Scotto: $15 million?
Lewis: No. I hadn’t heard that. You’re talking a lot of money and a whole lot of years. I can understand why when you’re not a team that’s going to win a title next year where you might want to say all the general managers voted him (Fernandez) the best assistant coach in the league, he’s fast-rising, he’s hard-working and has an ability to connect with the players while being hard-driving but not abrasive, which was something Budenholzer was accused of being.
Scotto: Mike Budenholzer was the best-known name for his accolades. I heard Joe Tsai liked Budenholzer as a potential candidate because of his championship pedigree. Sources close to Budenholzer told me he’s open to coaching in a big market, and Brooklyn was within a big market, so it fit that and made sense from that perspective, even though the Nets are not ready to be a championship contender immediately.

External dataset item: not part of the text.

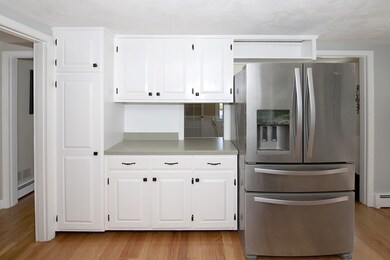 49 Moffatt Rd, Salem, MA 01970 - photo 7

While Budenholzer may have been in the finalist grouping, I don’t think he was as high, to my understanding, as Fernandez and Kevin Young, who was an associate head coach with Phoenix. Young coached Mikal Bridges and Cam Johnson in Phoenix.
At the end of the season media availability, Mikal talked about the success he had in Brooklyn after the trade was based on them running stuff for him, similar to Phoenix, where Young was the offensive coordinator. Neither Mikal nor Johnson publicly wanted to comment on the coaching search, but I’m told both players had good things to say about Young during their time with the Suns behind the scenes. I certainly think he would’ve gotten a vote of confidence from those guys had he gotten the job.
For Young, it was the quality of life, being closer to home, the money, and years at BYU.
I think the guy who was a little underplayed here in terms of where he was as a potential finalist is James Borrego, who’s with New Orleans right now. I heard Sean Marks, and he chatted when the Pelicans were in town, according to league sources. He’s been instrumental behind the scenes helping Willie Green on the Pelicans this season. I see Borrego inching his way back to becoming a head coach again.
Some people have asked me if this is a signal that they’re going to rebuild and what this hire means. You made a great point about the Atkinson comparison. For Fernandez, they have young guys on this roster they have to develop, whether it’s Cam Thomas, if Nic Claxton comes back, you’ve got Noah Clowney, etc. They think he can do that. Defensively, where this team underwhelmed, given the talent that it had and switchability, he’s supposed to help in that department.
Lewis: Kings players call him their defensive coordinator, so that’s his specialty. I’d second your comments that the Nets underachieved on that end of the court. It’s incomprehensible to me – and I know Ben Simmons didn’t play, and he’s their most accomplished defensive player – but when you have this many guys that are supposed to be above-average to good defenders with these kinds of wingspans, and you can’t stop anybody, it’s a concern. I think he’ll help on that end of the court.
I’d caution against saying hiring an assistant equals a rebuild. I’m not sure that all assistants are created equal. I think when you have someone like Fernandez, there’s probably a happy medium. I don’t think when you have a guy like him it necessarily signals a tear-down rebuild. I think it signals probably a slow burn.